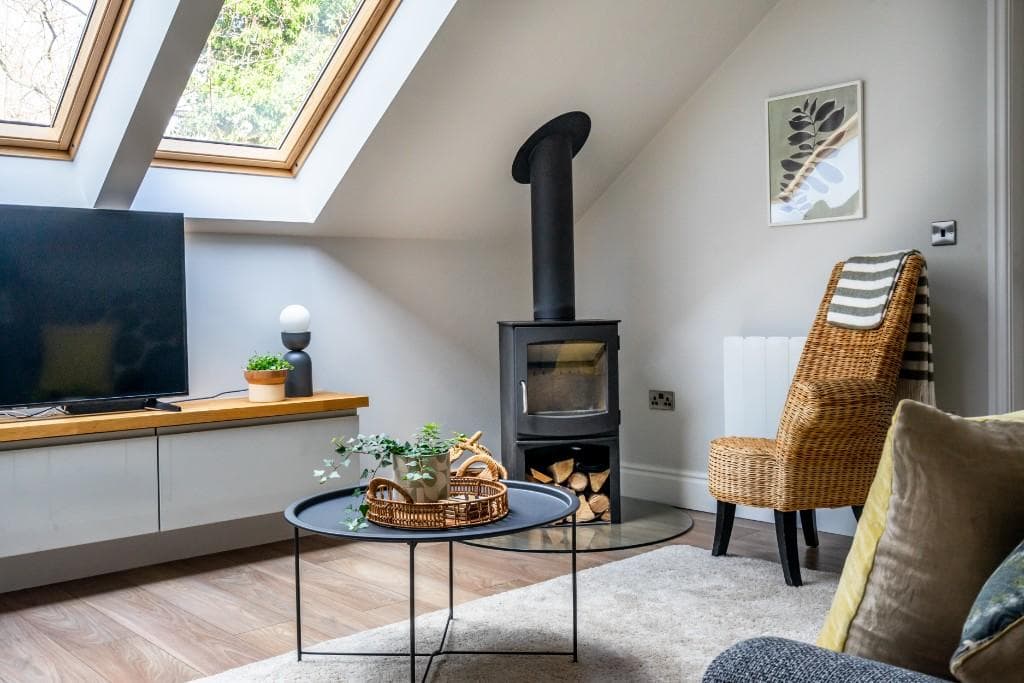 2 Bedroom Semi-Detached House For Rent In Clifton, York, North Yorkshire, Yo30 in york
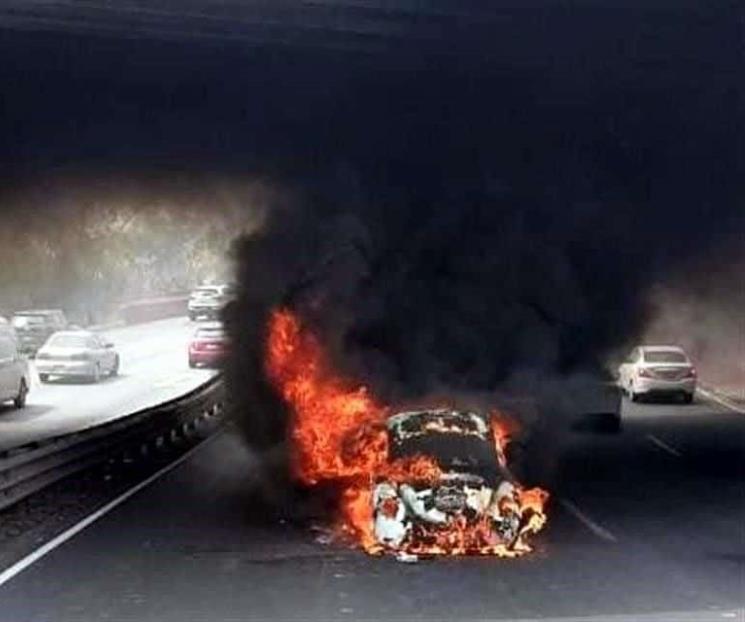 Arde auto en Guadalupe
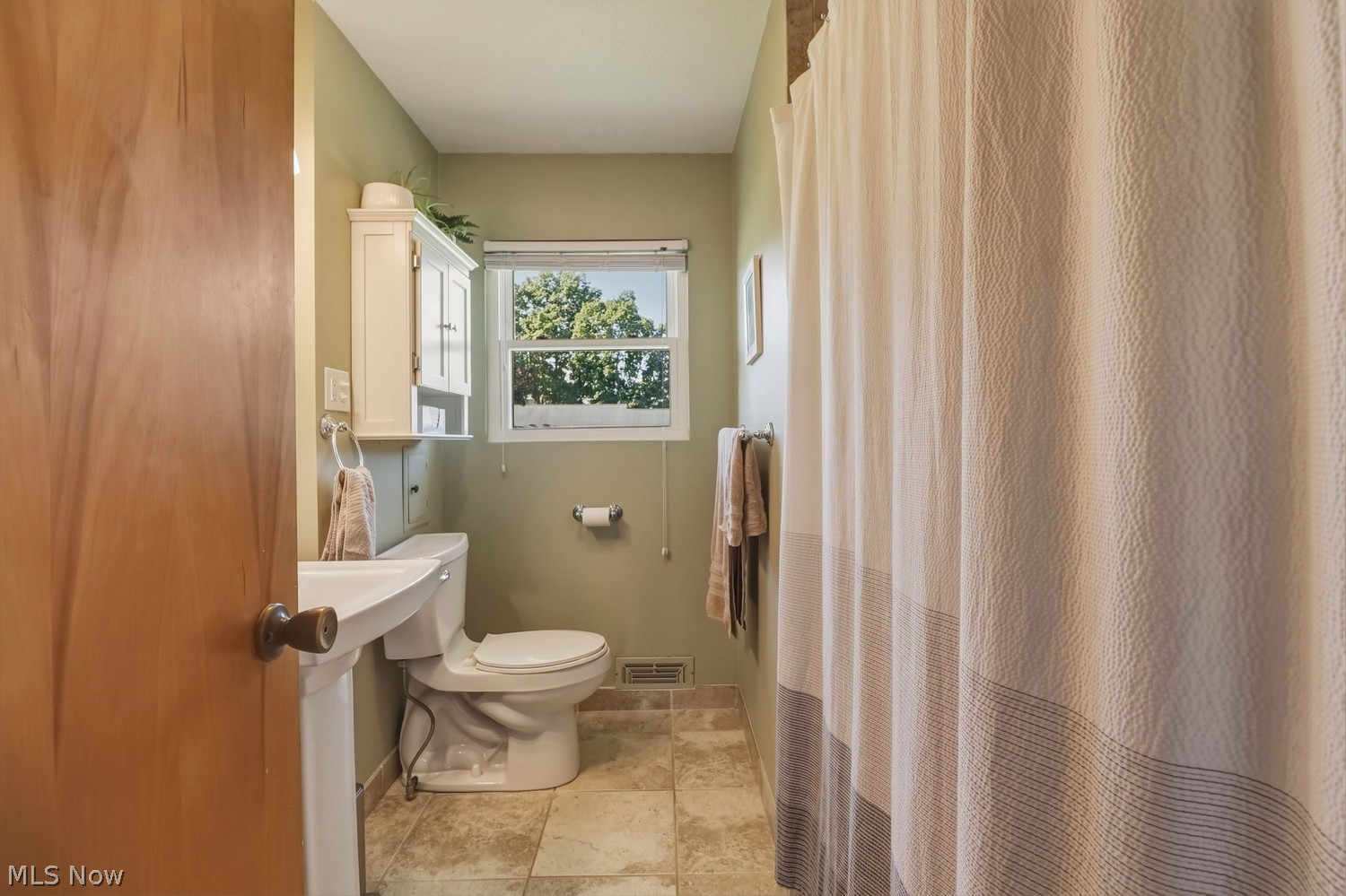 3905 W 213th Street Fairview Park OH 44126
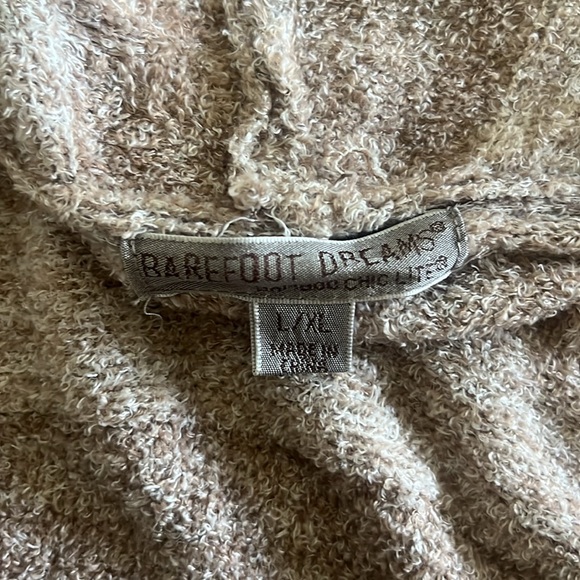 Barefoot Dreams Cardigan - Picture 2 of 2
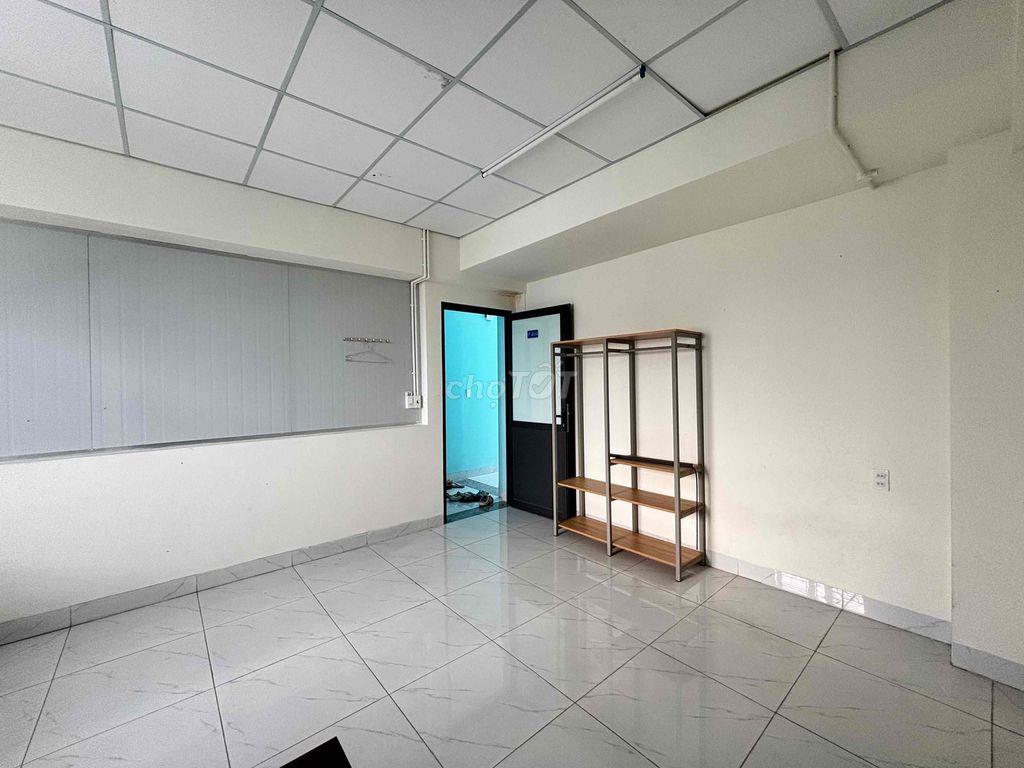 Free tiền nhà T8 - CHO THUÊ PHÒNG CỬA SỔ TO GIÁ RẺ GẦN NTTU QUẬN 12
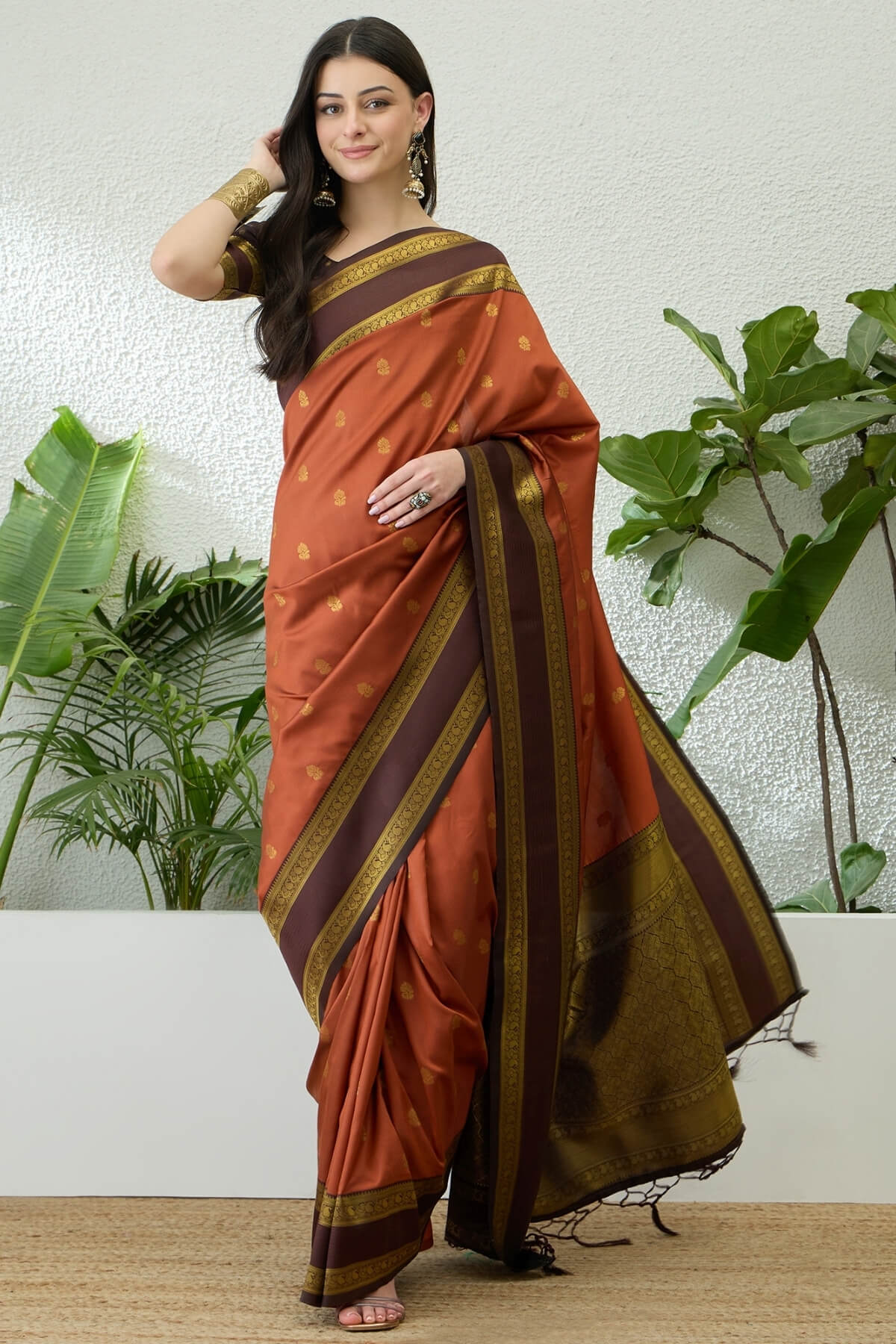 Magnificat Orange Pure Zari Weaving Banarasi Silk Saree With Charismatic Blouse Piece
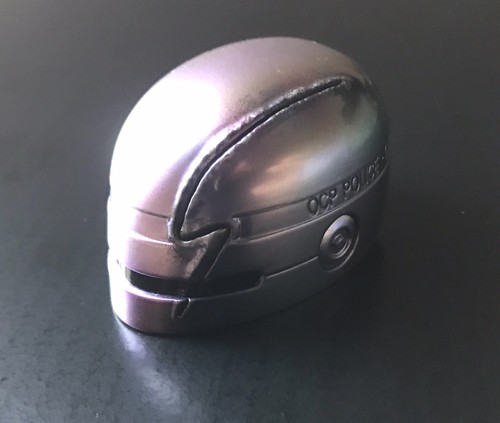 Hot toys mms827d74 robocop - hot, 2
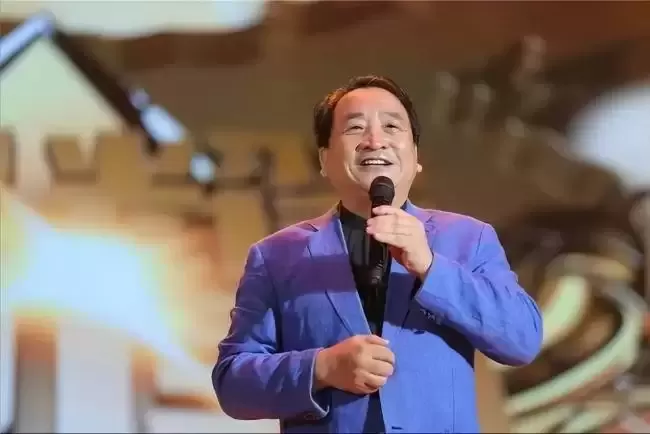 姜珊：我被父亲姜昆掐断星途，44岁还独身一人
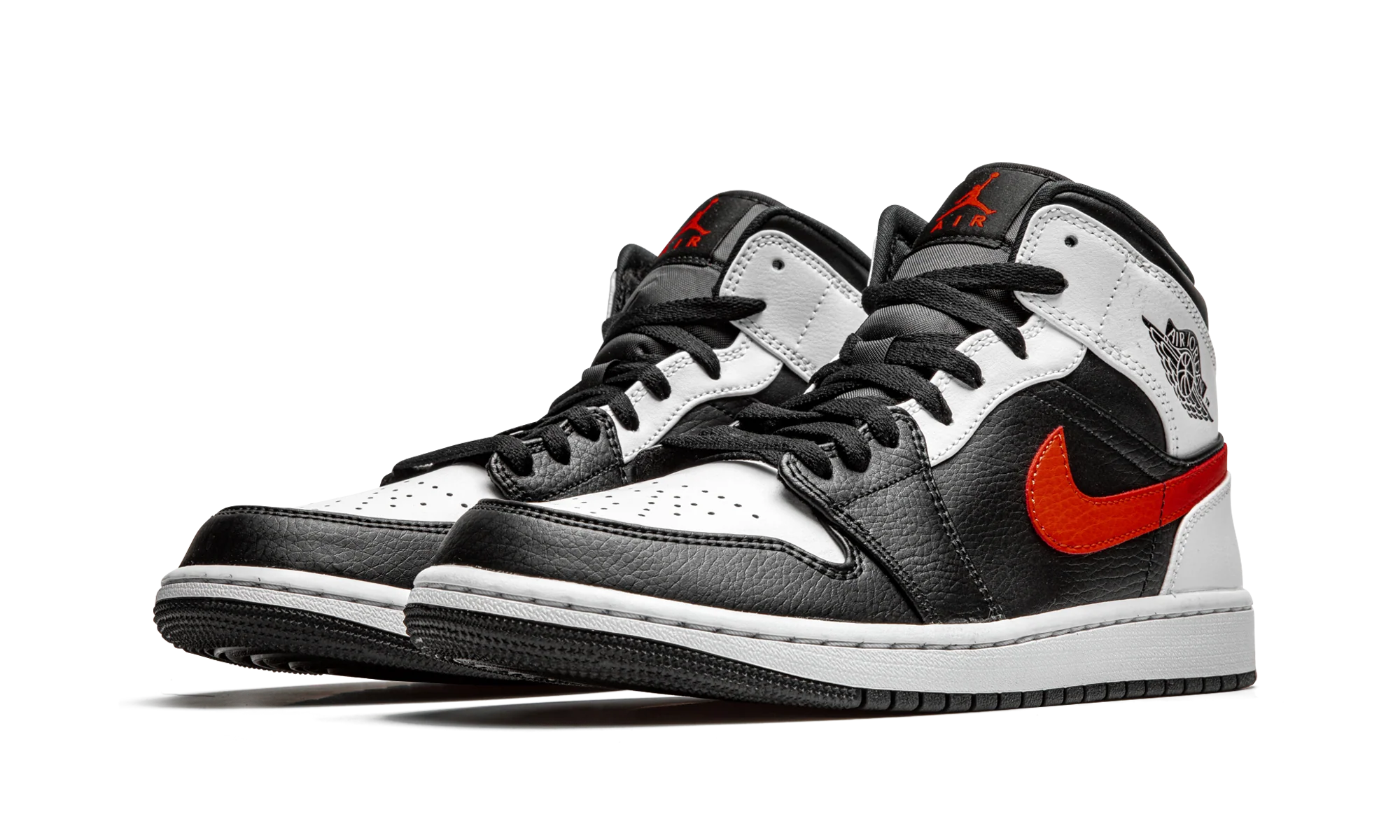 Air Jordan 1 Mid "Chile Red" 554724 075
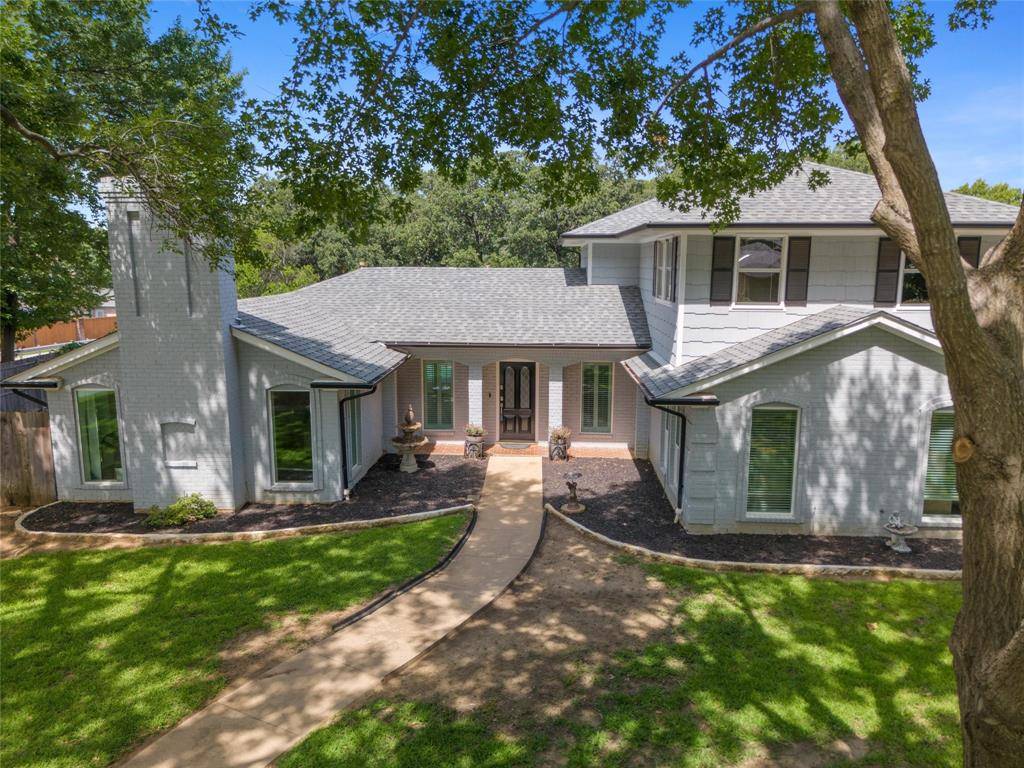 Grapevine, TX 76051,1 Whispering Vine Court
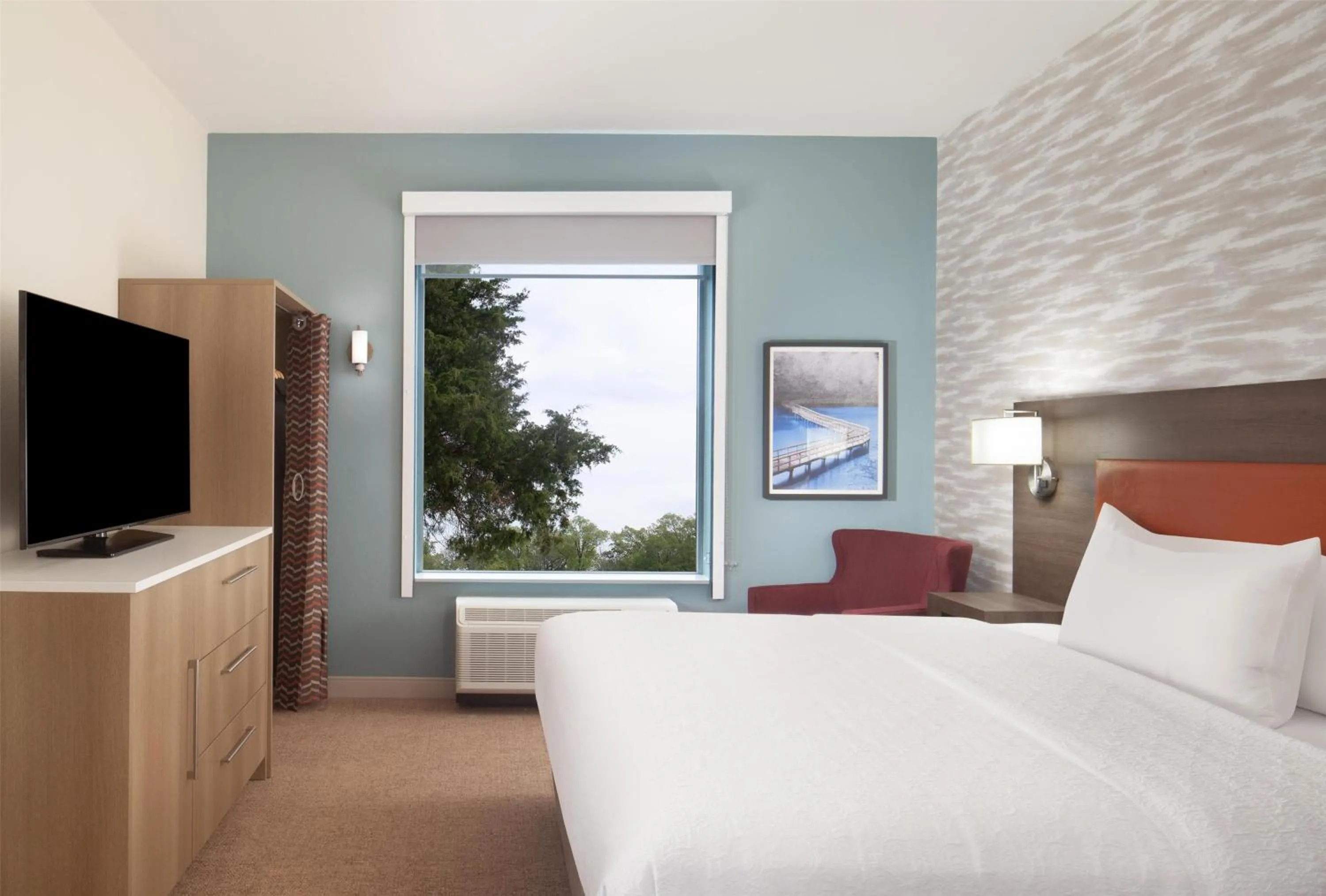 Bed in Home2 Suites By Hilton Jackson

▸ **WORK ITEM**:
Leave the pictures out, then output exactly the lines from the "Hot toys mms827d74 robocop - hot, 2" line through the end of the records above, and no others.

▸ **ANSWER TO THIS PROBLEM**:
 Hot toys mms827d74 robocop - hot, 2
 姜珊：我被父亲姜昆掐断星途，44岁还独身一人
 Air Jordan 1 Mid "Chile Red" 554724 075
 Grapevine, TX 76051,1 Whispering Vine Court
 Bed in Home2 Suites By Hilton Jackson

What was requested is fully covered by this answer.